- **What you will do**
Write out nothing but the lines from the first line of the entries below through the line with "沈阳远洋地产怎么样？工作"; no pictures go in.

──────── Supplied data ────────

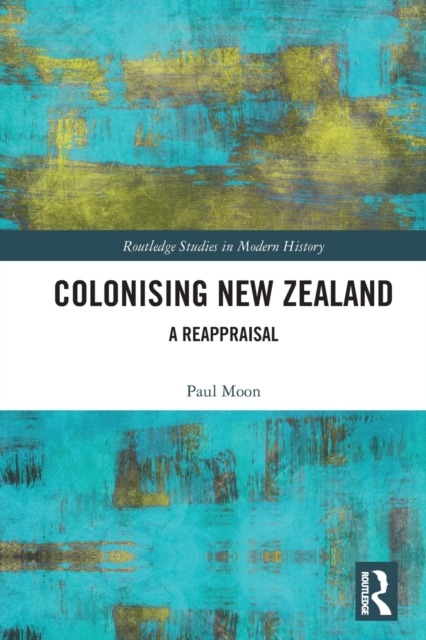 Colonising New Zealand : A Reappraisal, Paperback / softback Book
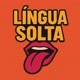 Língua Solta
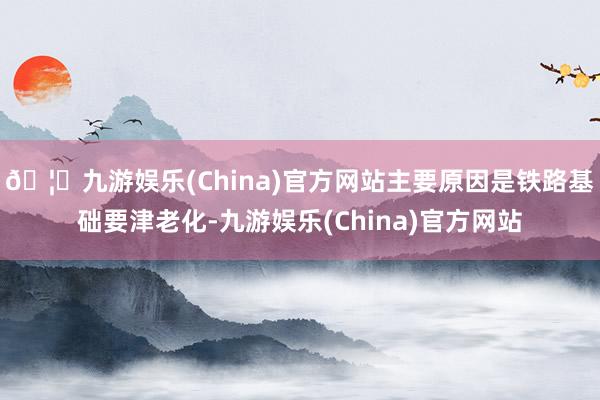 🦄九游娱乐(China)官方网站主要原因是铁路基础要津老化-九游娱乐(China)官方网站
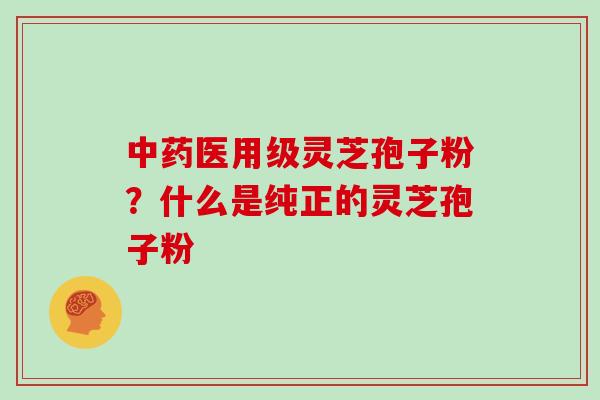 中药医用级灵芝孢子粉？什么是纯正的灵芝孢子粉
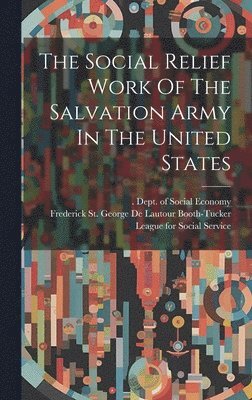 bokomslag Social Relief Work Of The Salvation Army In The United States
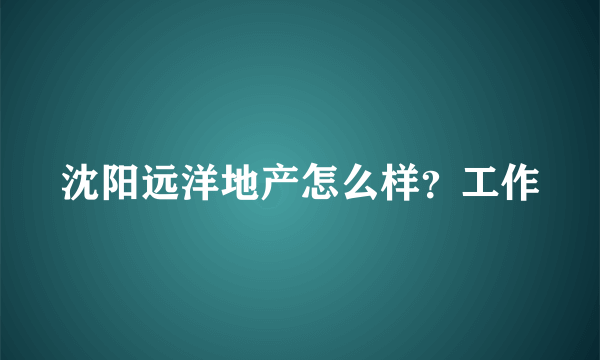 沈阳远洋地产怎么样？工作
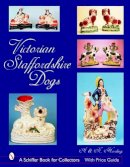 A. & N. Harding - Victorian Staffordshire Dogs - 9780764324567 - V9780764324567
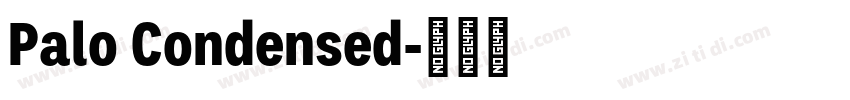 Palo Condensed字体转换 Palo Condensed字体转换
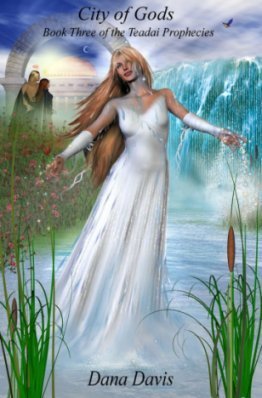 City of Gods: Book Three of the Teadai Prophecies(Teadai Prophecies Trilogy 3)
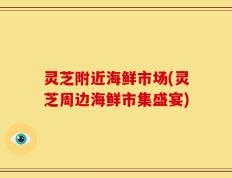 灵芝附近海鲜市场(灵芝周边海鲜市集盛宴)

────────

- **Problem solution**
 Colonising New Zealand : A Reappraisal, Paperback / softback Book
 Língua Solta
 🦄九游娱乐(China)官方网站主要原因是铁路基础要津老化-九游娱乐(China)官方网站
 中药医用级灵芝孢子粉？什么是纯正的灵芝孢子粉
 bokomslag Social Relief Work Of The Salvation Army In The United States
 沈阳远洋地产怎么样？工作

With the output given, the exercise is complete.